◆ Raw data:
------------------------------------------------
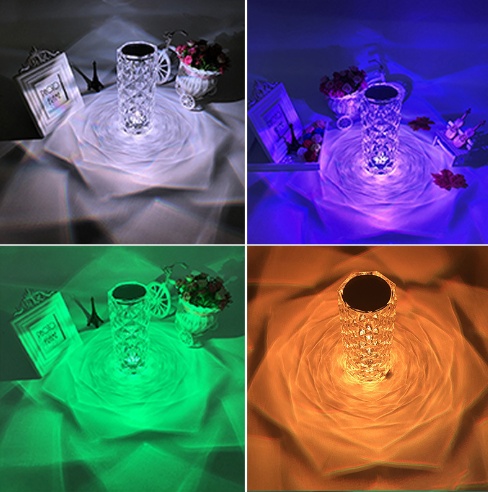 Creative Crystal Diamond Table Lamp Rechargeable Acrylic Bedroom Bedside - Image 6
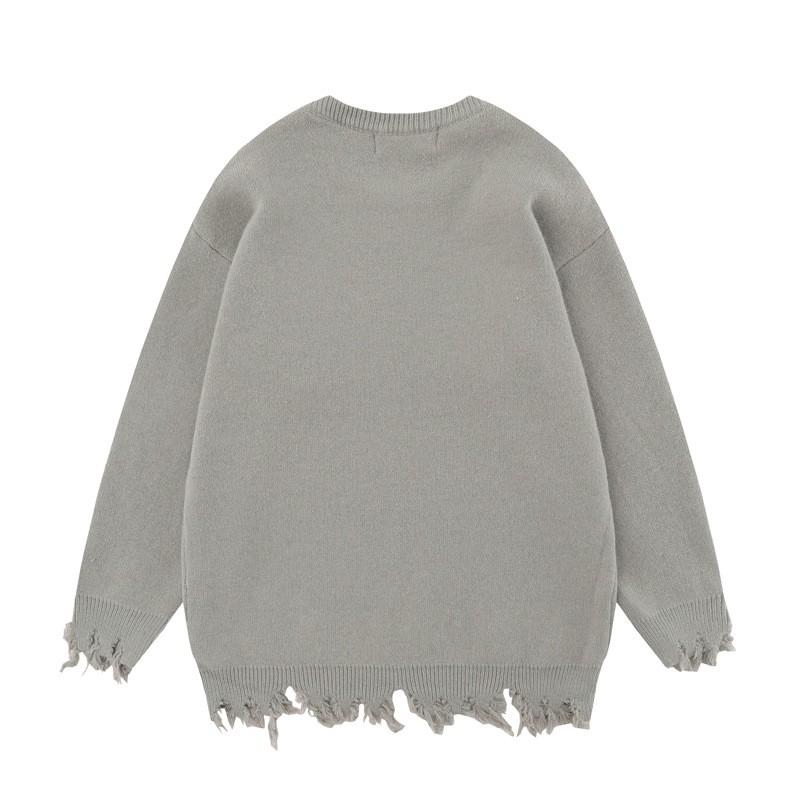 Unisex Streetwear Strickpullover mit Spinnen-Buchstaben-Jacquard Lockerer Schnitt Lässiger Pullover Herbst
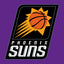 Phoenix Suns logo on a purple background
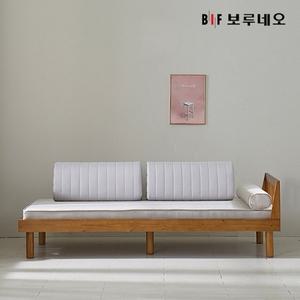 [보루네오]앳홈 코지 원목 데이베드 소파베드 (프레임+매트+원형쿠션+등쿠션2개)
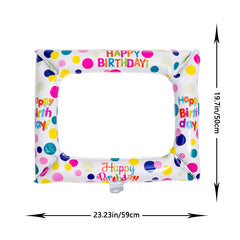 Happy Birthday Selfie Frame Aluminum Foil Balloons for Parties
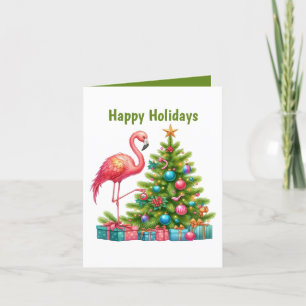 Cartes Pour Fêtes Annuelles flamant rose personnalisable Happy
------------------------------------------------
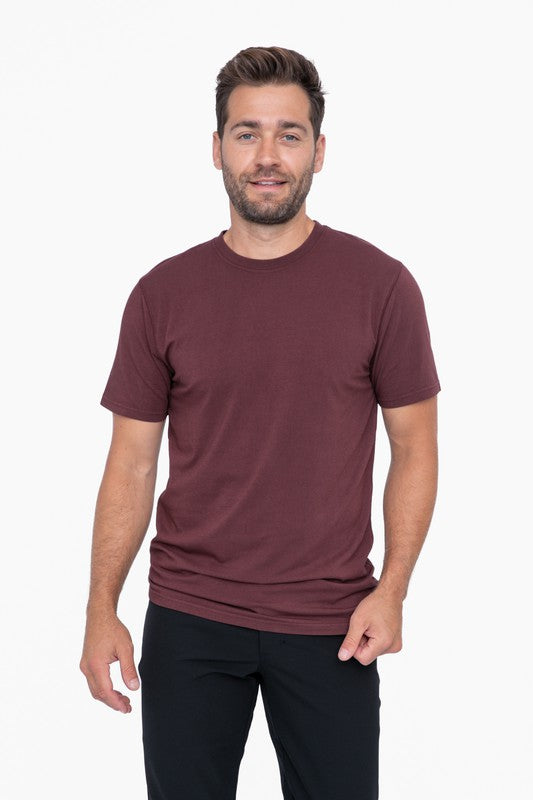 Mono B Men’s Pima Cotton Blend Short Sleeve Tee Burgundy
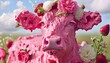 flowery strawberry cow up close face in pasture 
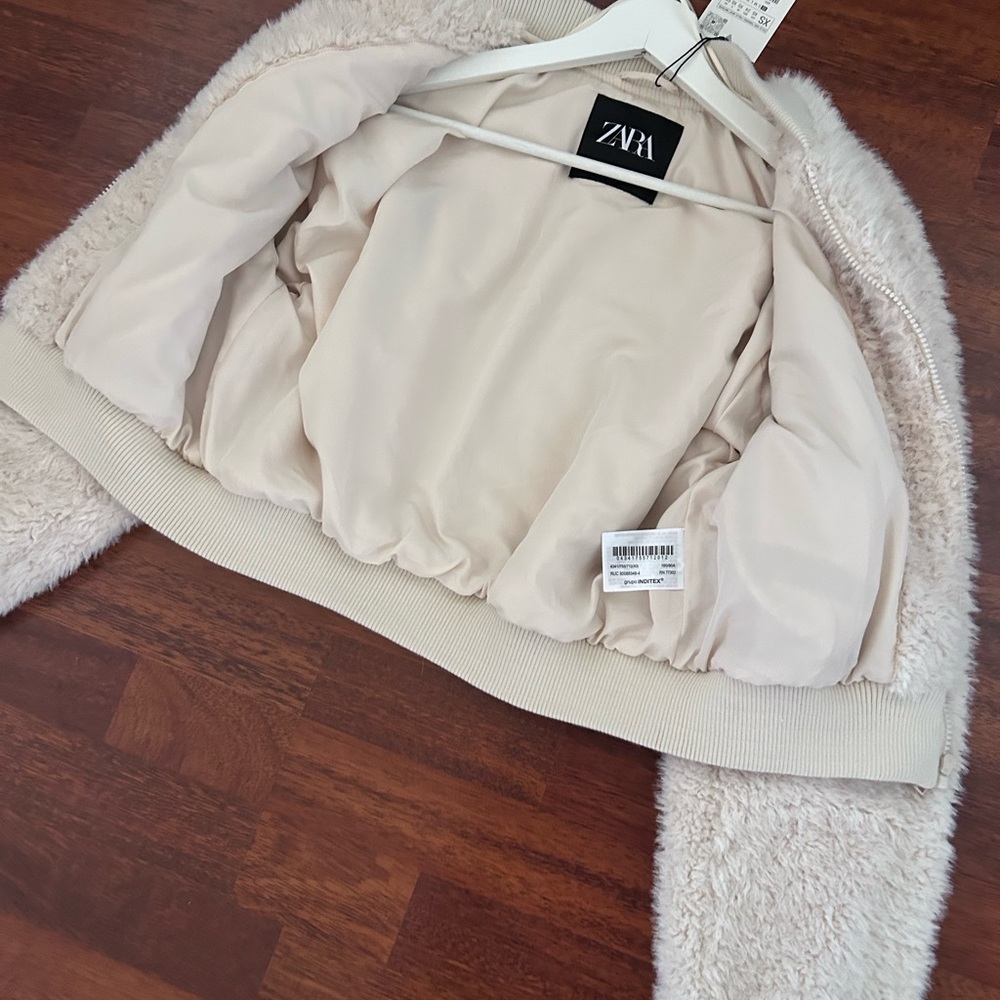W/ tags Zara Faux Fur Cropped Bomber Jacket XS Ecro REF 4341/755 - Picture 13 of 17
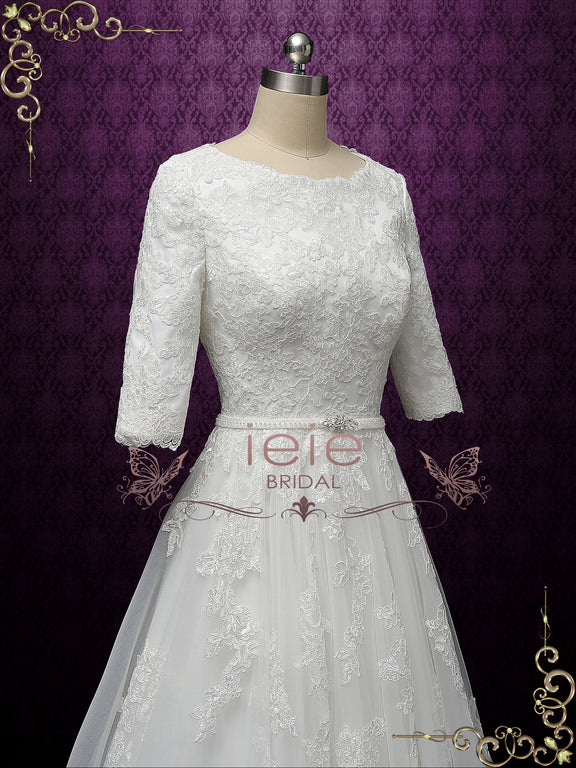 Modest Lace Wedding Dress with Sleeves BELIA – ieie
------------------------------------------------
◆ Problem requirements: Using the entries above, transcribe every line from the line containing "[보루네오]앳홈 코지 원목 데이베드 소파베드 (프레임+매트+원형쿠션+등쿠션2개)" through the line containing "Cartes Pour Fêtes". Do not copy pictures.

◆ Task solution:
 [보루네오]앳홈 코지 원목 데이베드 소파베드 (프레임+매트+원형쿠션+등쿠션2개)
 Happy Birthday Selfie Frame Aluminum Foil Balloons for Parties
 Cartes Pour Fêtes Annuelles flamant rose personnalisable Happy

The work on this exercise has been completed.